How to read news on Glioblastoma Multiforme

9 February 2020 2 By Roberto Pugliese

I was trying to figure out what to write. Anyone who knows me knows that for this year I set out to write at least one news item per week as well as carrying on the project to enhance the chatbot by transforming it into a kind of advisor, gathering the news of each month’s research into a single news item, translating into Italian when ready the 2020 edition of the guide and develop an Italian version of the Virtual Trial of the Musella foundation, attract new collaborations to improve the site and raise awareness about this pathology.

Many visitors are reporting several interesting news to me but today I wanted to take a step back and reflect with the help of some case studies.

Anyone who is confronted with a glioblastoma multiforme directly as a patient or indirectly as a relative or friend of a patient is constantly looking for news that will give him/her hope.

With this article I propose to give some useful advice to be able to correctly interpret what we read, the risk is in fact to run into fake news or worse in those who will leverage your pain and your fear to sell you a hope.

First, then, look for as much news about a fact as possible, evaluate the relevance of the sources and look for scientific articles that talk about it.
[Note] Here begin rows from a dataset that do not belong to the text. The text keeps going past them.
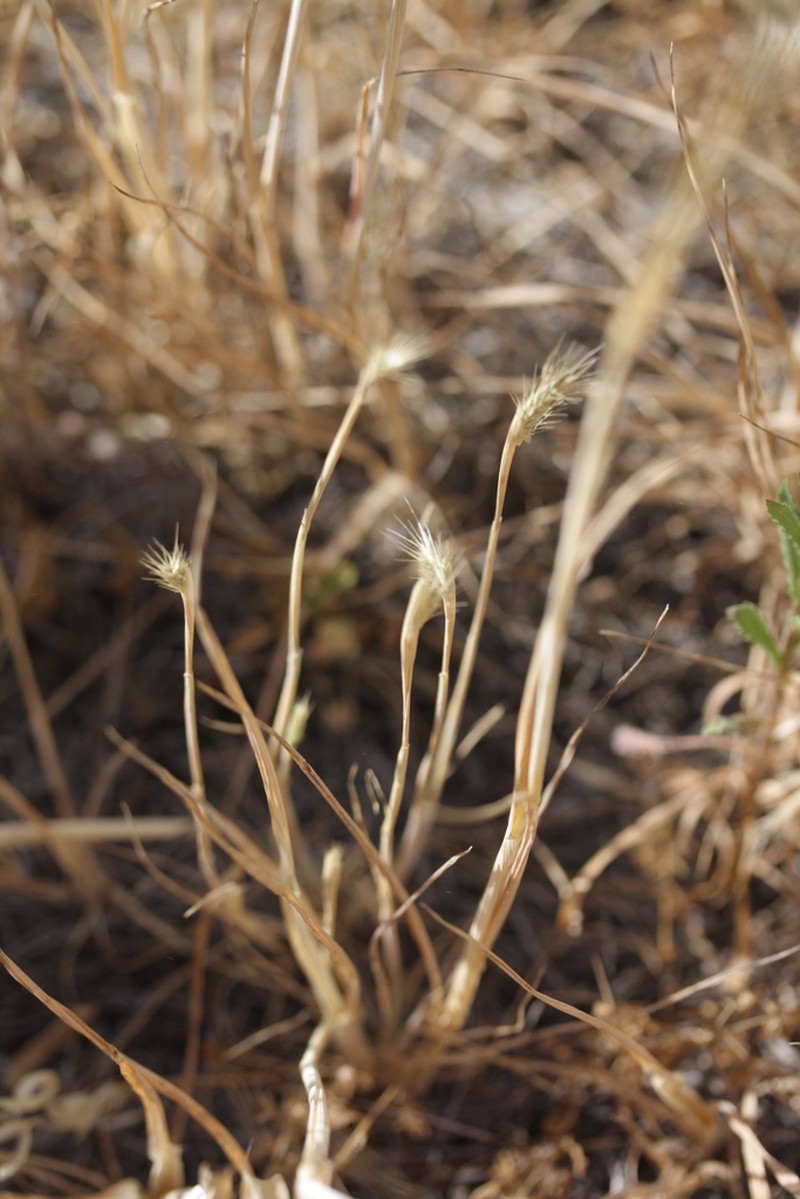 Dwarf Barley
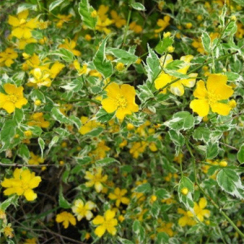 Саженец Керрия японская я Вариегата (Variegata)  ЗКС, контейнер р9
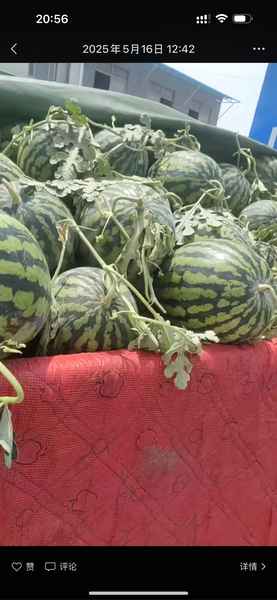 1748177813-compressed-IMG_8124.PNG
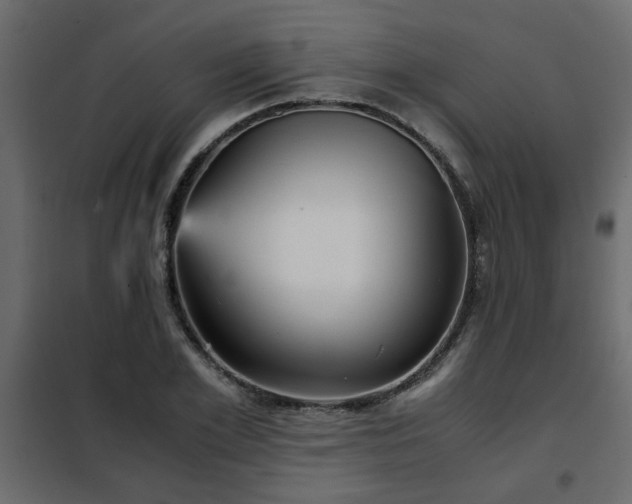 X0000102340981200808081127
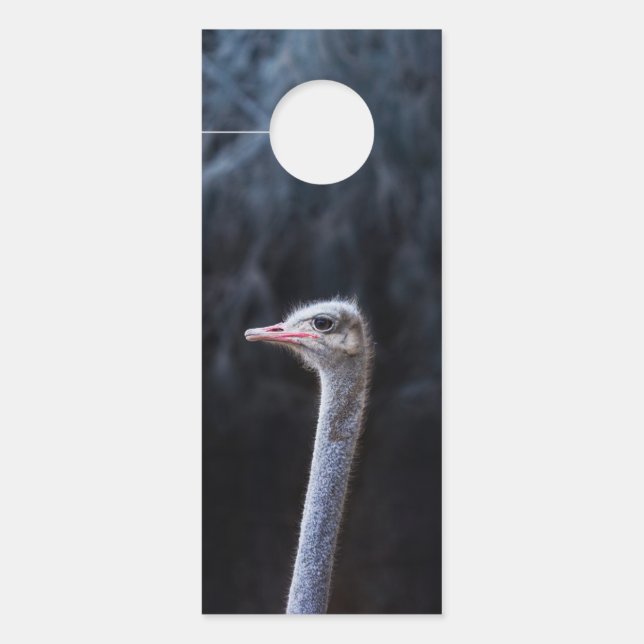 ostrich portrait     door hanger (Front)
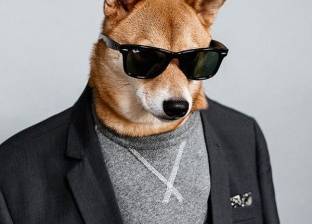 بالصور| أشهر كلب عارض للأزياء.. دخله 15 ألف دولار شهريا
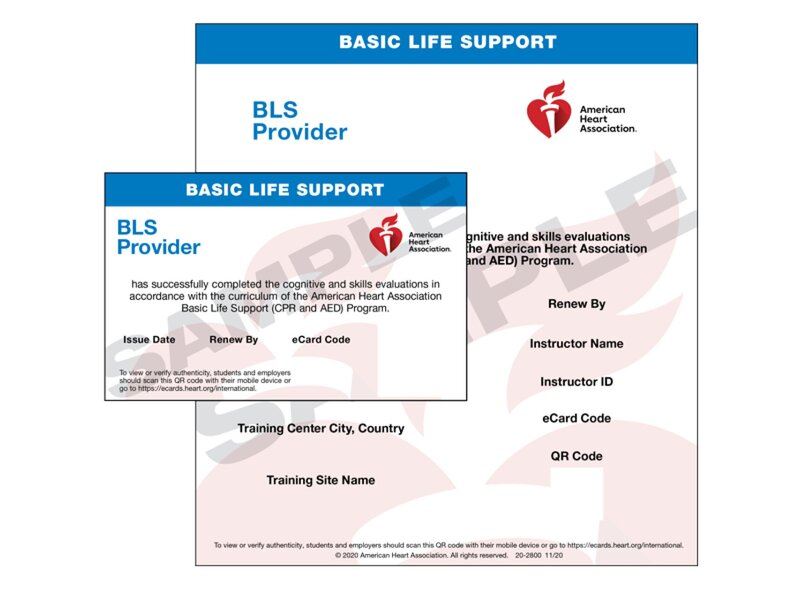 BLS Provider Ecard International English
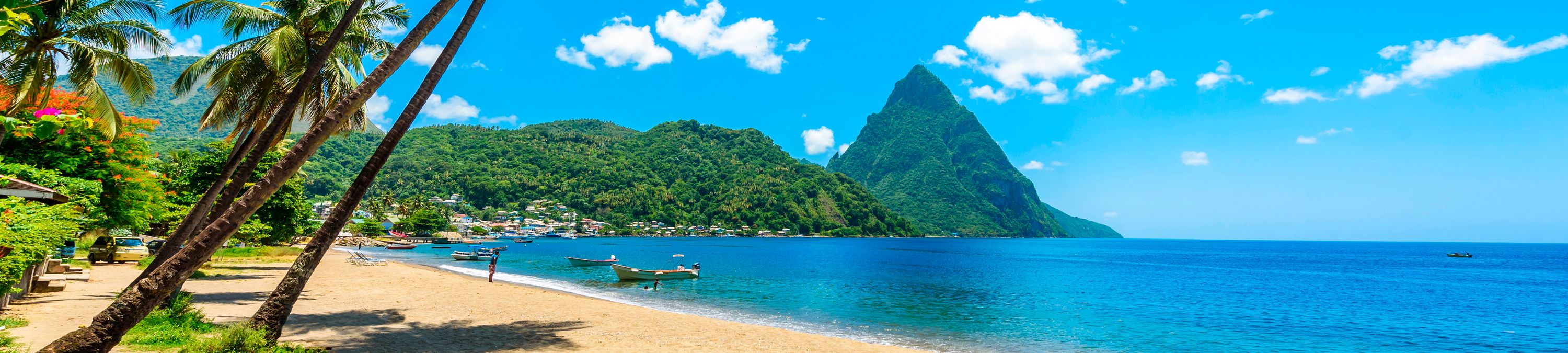 Caribbean Cardroom Caribbean Cardroom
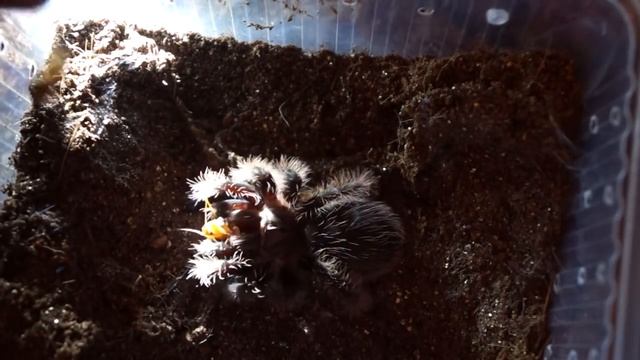 Пауки Муравьеда или как встать на путь арахнокипера смотреть онлайн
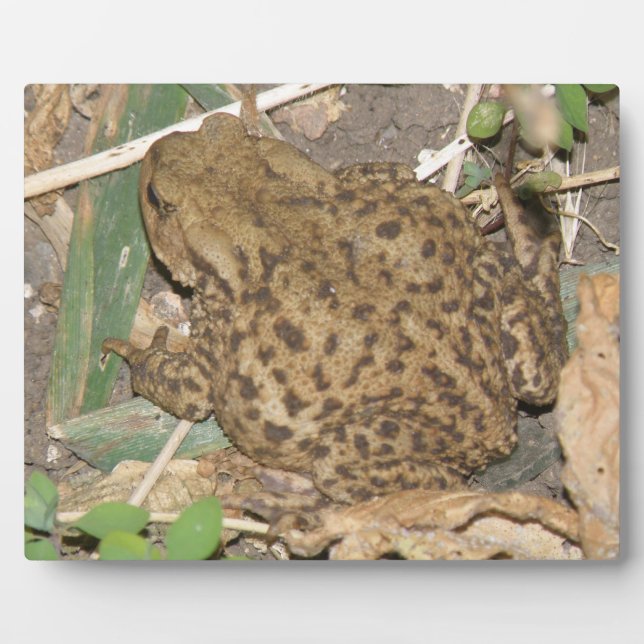 Europäische Gemeinschafts-Toad Plaque Fotoplatte (Vorderseite)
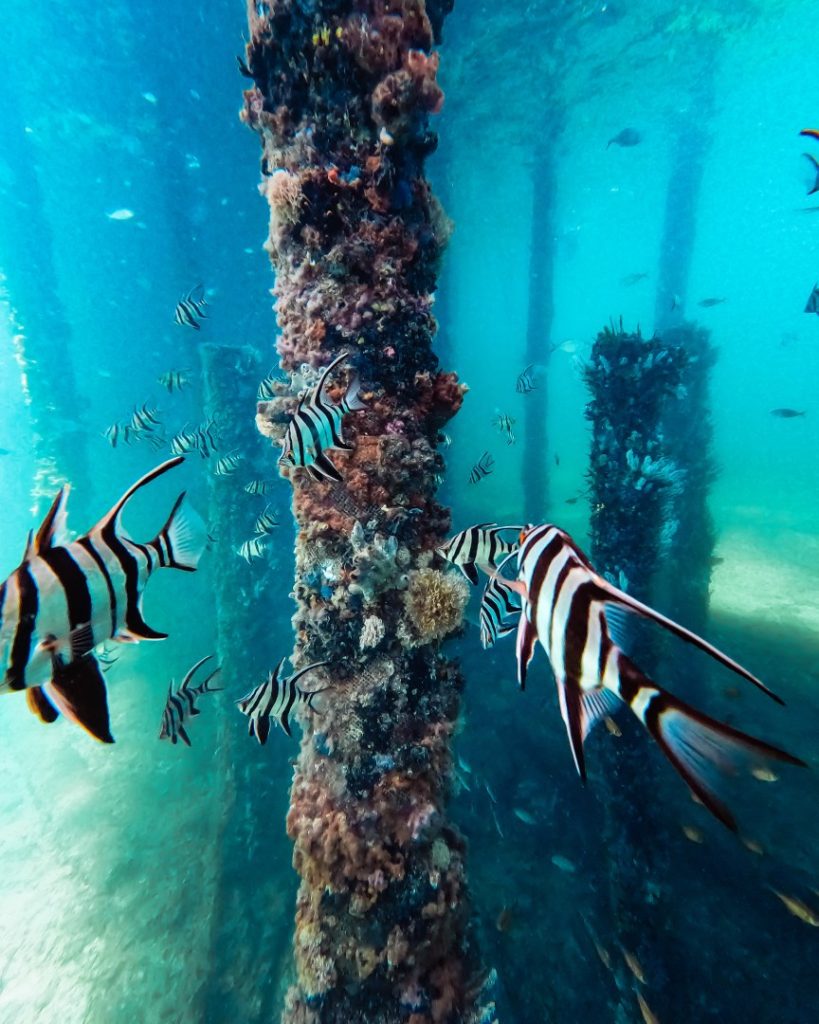 Various striped fish are seen navigating the pylon structures, which are rich with corals and sea life, creating a unique underwater habitat at Busselton Jetty.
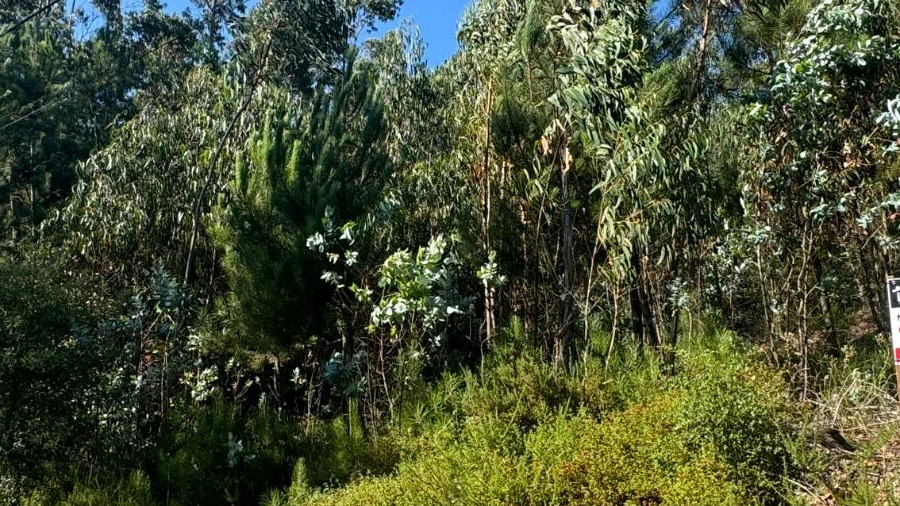 Terreno Agricola ou Rústico para Venda em Atouguia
Knowing that something has healed a person does not mean much: at least you need to know how many people have tried it and how many have had a positive effect. Suspect if these data are not available because often they are not available because this often means that the therapy works worse than the standard one.

Immediately afterwards it is important to understand if the news can be useful for you, or rather, when it can be useful for you, because time is an important factor for diseases such as glioblastoma. We know that between the pre-clinical phase, phase 1, phase 2, phase 3 and launch, it takes at least 10 years for a new idea to arrive on the market and unexpected exponential accelerations are really rare.

The news reported these days on the super T cell that can defeat all the tumors that we have read in different articles is certainly true (different sources, authoritative institutes, scientific articles) and has to do with immunotherapy, CAR-T, the MR1 receptor and it is certainly potentially interesting but it is a pre-clinical experiment therefore not very significant for those who today face a glioblastoma.

Another interesting case is the story of Joe Tippens. In short, this man (who works in the business banking sector) in 2016 had been given 3 months to live due to lung cancer with metastasis in different parts of the body. He was enrolled in a trial at MD Anderson that would extend his life expectancy to 12 months to the maximum. But the unexpected happens: he is still alive and cancer free on January 15 of this year as you can read on his blog, he is the only survivor of a thousand patients who participated in the trial and it seems that the only difference that can explain the fact (besides evidently the specificity of the person) is a drug that Joe has taken without the knowledge of the MD doctors Anderson.

Joe Tippens’ blog says that a scientist from Merck Animal Health (veterinary research center) was doing cancer research by injecting different types of cancer in mice when he came across a medicine to treat dog parasites. which healed most of the mice. A few months later, this same researcher was diagnosed with glioblastoma multiforme which he treated with the same drug for dogs. Joe then took the same drug: FENBEN.

This news was taken from the Daily Mail and the online magazine of Oklahoma State University. In fact, the FENBEN dog drug molecule, Fenbendazole, seems to have interesting anticancer properties as confirmed by an article appeared in the prestigious journal Nature and a very similar molecule has proved useful at least in the pre-clinical phase for glioblastoma multiforme as confirmed from another scientific publication. It seams that the Oklahoma Medical Research Foundation has taken this seriously and has started a study that has so far collected around forty clinical cases of patients who have successfully used this drug. The immediate result is that the sales of the drug have grown enormously in the world leading to double the cost in a few days from 5$ to 10$ per pack.

Could this news be interesting today for anyone facing a multiform glioblastoma? It may be interesting for those who have chosen to follow the Ben Williams approach which in summary consists of taking a cocktail of off-label drugs that have proven to be somewhat effective against glioblastoma (for example, passing phase 1 or phase 2) and whose toxicity is tolerable.

So what to do? Rushing to buy FENBEN? Difficult to say. Certainly whatever your decision is, it is important to be followed by a trusted doctor who can help you understand the degree of toxicity of the off-label drugs you intend to take and their level of interference with the therapy you are following. There is therefore no recipe that is suitable for anyone because the human body is very complex and the same glioblastoma multiforme is complex and potentially different in different patients but it is certain that the famous saying “hope is the last to die” has a much deeper meaning than you can imagine.